Information provided —
= = = = =

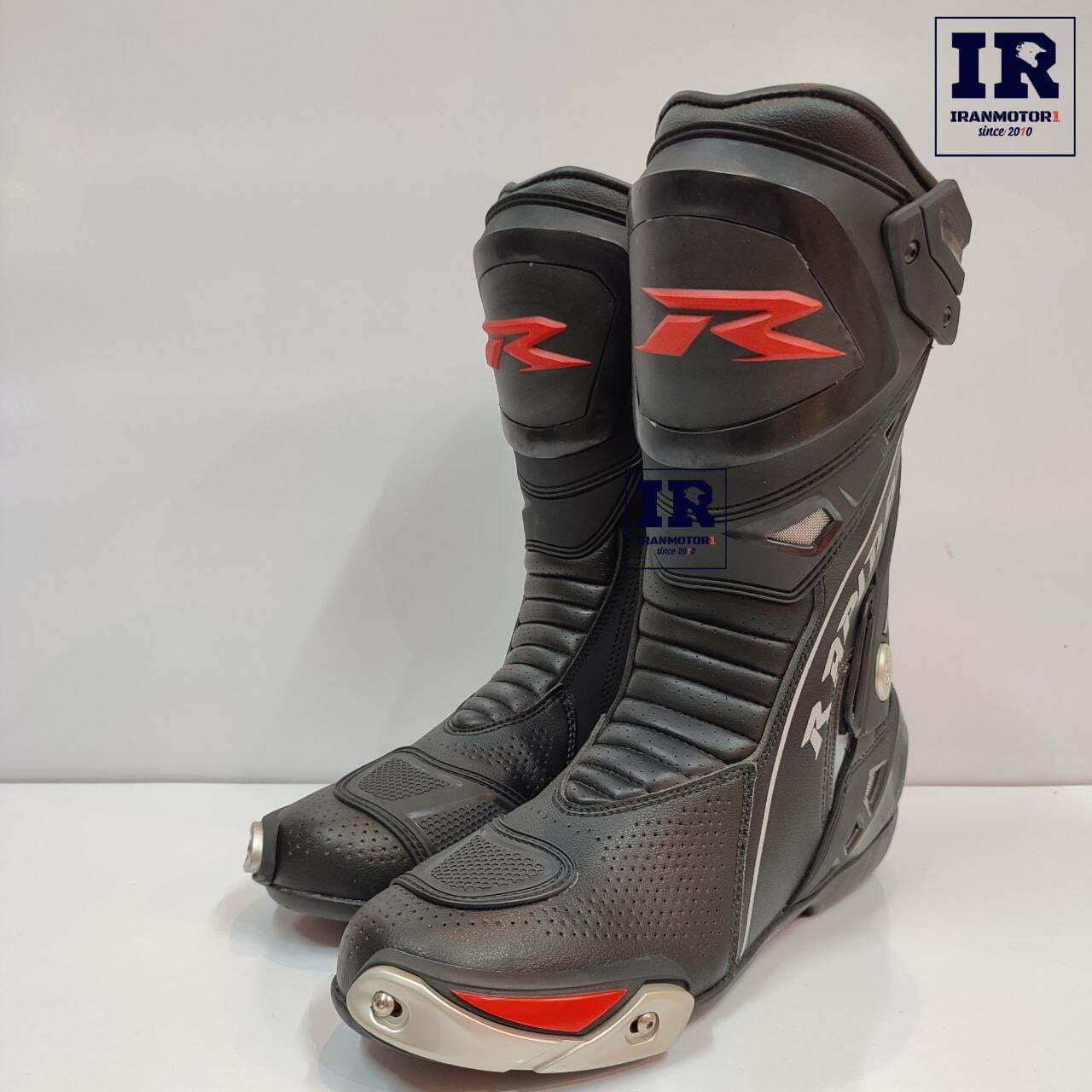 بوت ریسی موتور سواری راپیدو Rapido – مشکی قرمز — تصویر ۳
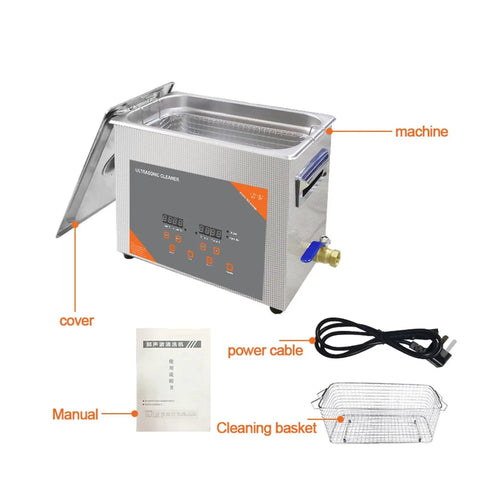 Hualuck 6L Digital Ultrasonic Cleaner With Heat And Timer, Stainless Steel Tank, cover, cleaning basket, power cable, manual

= = = = =

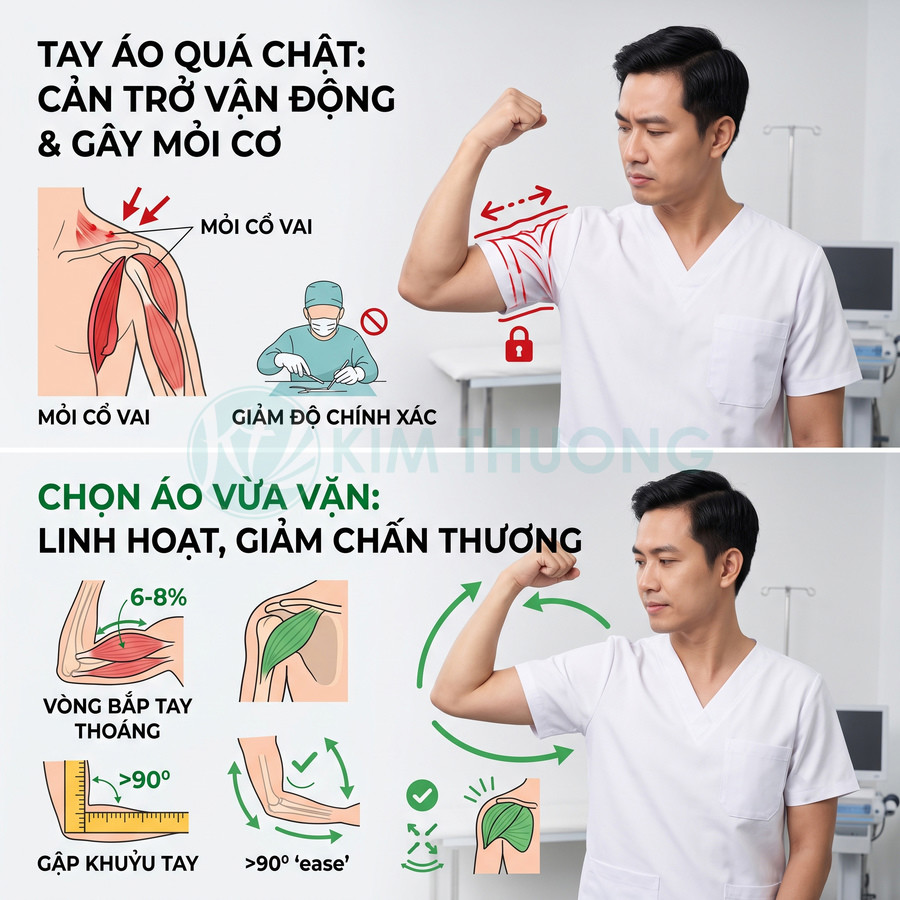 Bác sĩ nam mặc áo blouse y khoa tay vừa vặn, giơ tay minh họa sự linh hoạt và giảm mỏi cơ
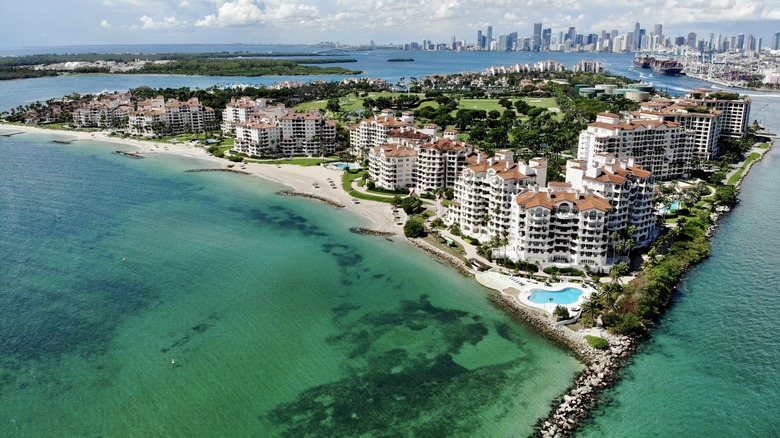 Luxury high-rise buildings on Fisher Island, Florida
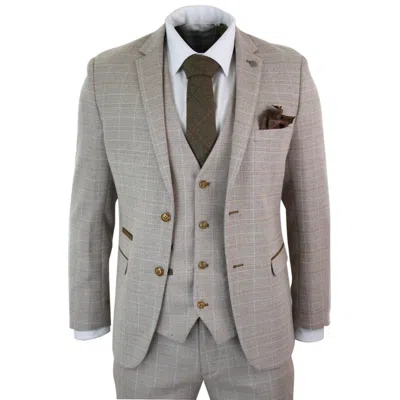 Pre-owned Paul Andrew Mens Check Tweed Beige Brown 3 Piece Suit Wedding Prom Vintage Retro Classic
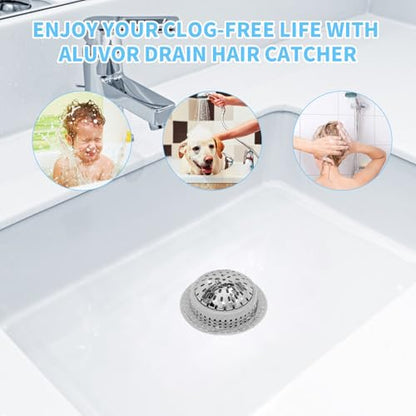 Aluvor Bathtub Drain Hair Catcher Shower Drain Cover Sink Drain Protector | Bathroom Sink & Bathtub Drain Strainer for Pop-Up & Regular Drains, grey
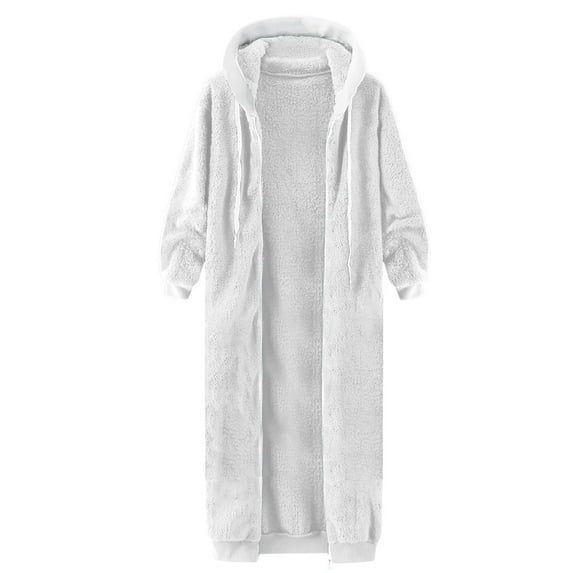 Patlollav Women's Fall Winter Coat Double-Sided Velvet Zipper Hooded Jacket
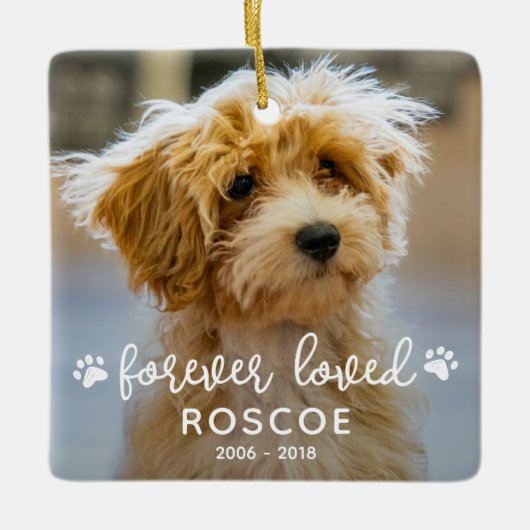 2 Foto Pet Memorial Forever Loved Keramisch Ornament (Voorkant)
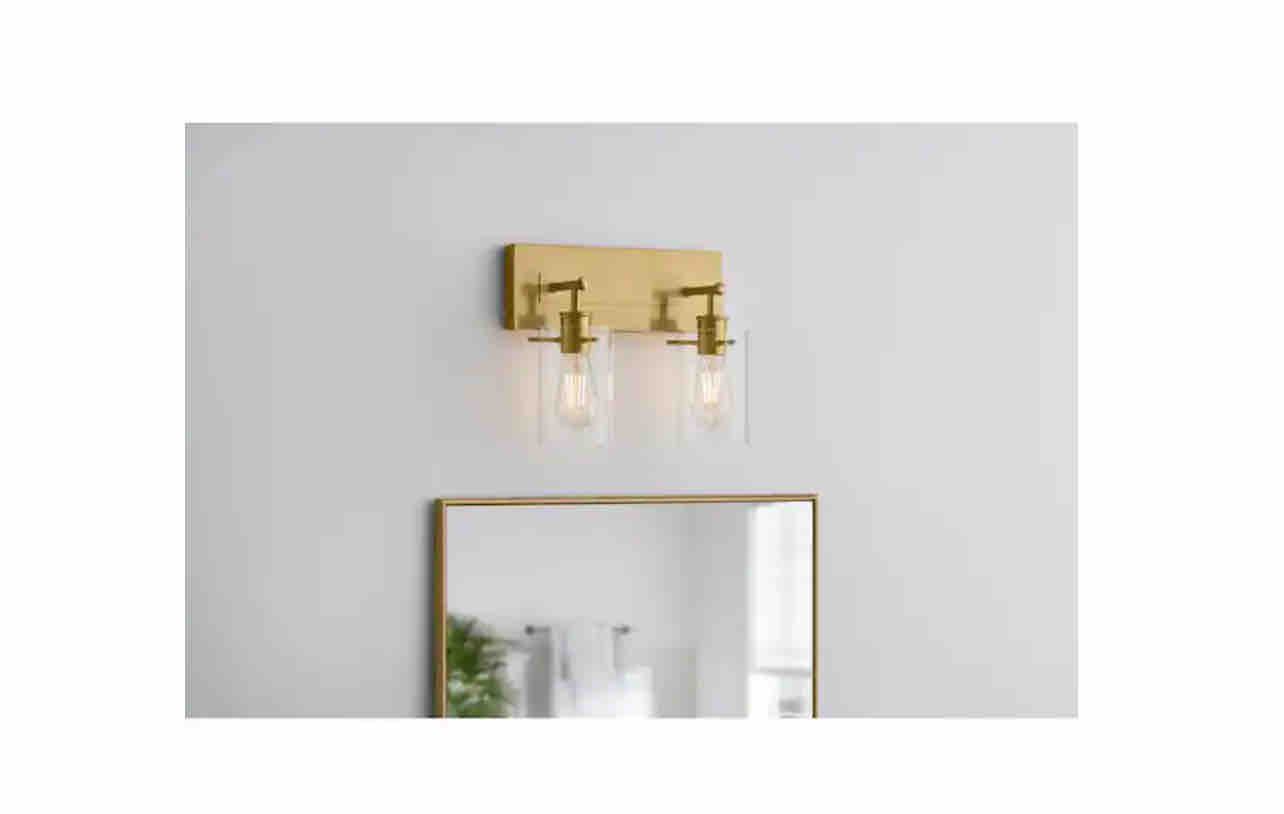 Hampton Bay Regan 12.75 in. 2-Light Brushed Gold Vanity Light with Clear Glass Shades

= = = = =

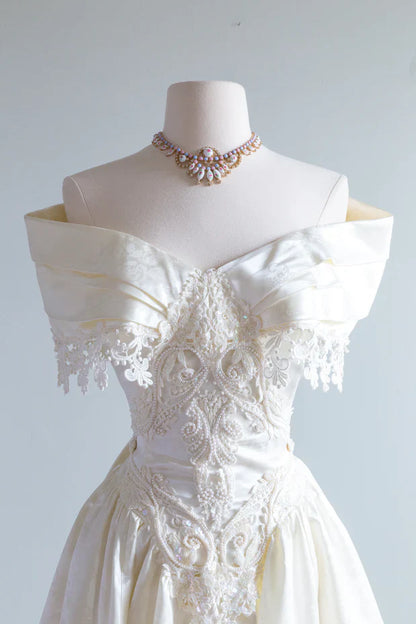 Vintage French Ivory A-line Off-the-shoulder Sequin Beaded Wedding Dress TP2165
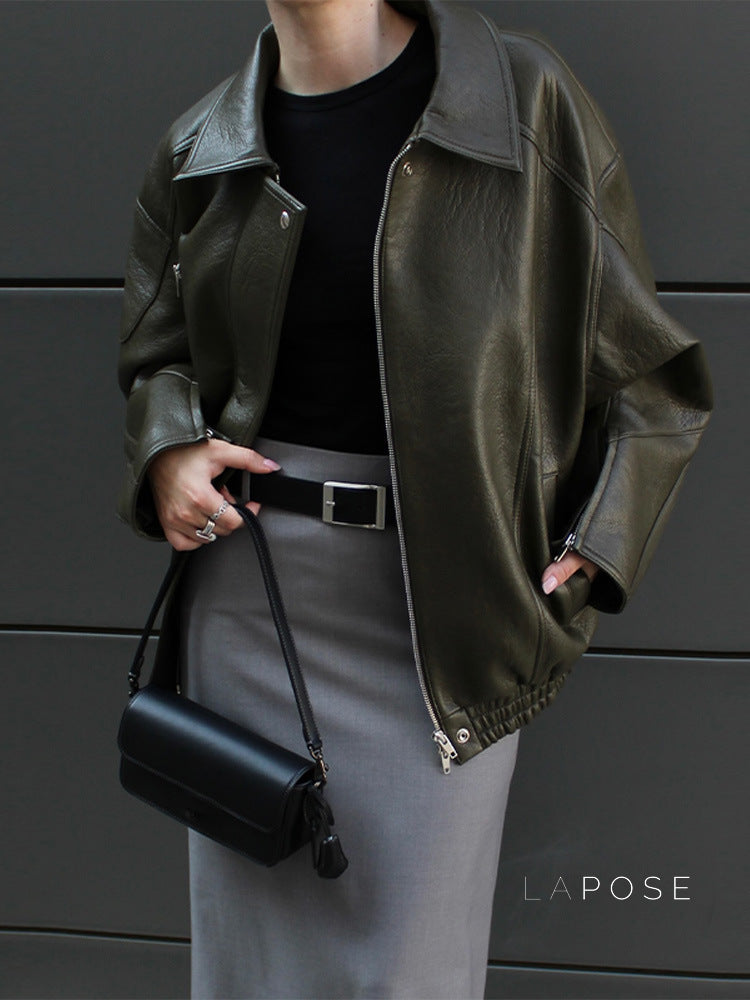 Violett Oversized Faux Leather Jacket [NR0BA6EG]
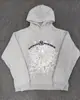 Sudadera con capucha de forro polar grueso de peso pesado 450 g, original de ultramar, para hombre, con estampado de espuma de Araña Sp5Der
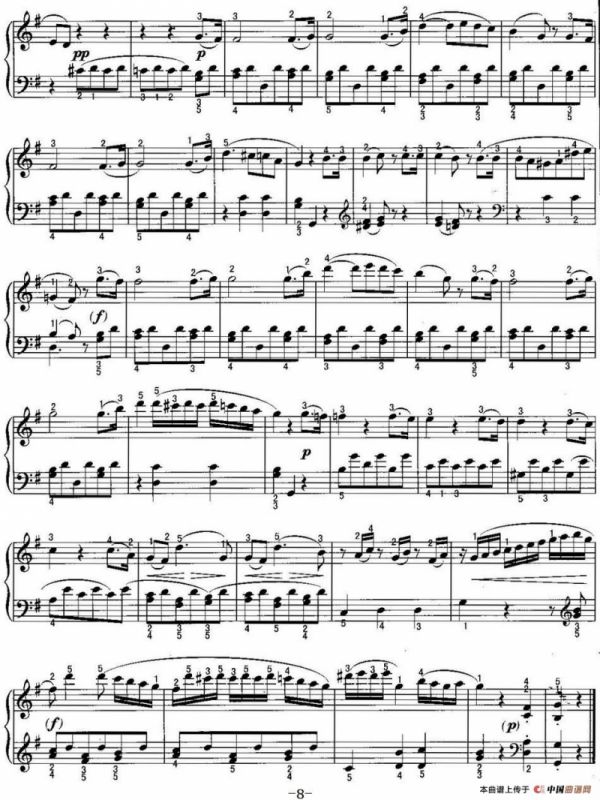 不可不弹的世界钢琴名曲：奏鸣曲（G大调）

= = = = =

Work required —
Skip every picture, and restate word for word only the lines above from the line containing "بوت ریسی موتور" to the line containing "Hualuck 6L Digital", both of them included.

Exercise result —
 بوت ریسی موتور سواری راپیدو Rapido – مشکی قرمز — تصویر ۳
 Hualuck 6L Digital Ultrasonic Cleaner With Heat And Timer, Stainless Steel Tank, cover, cleaning basket, power cable, manual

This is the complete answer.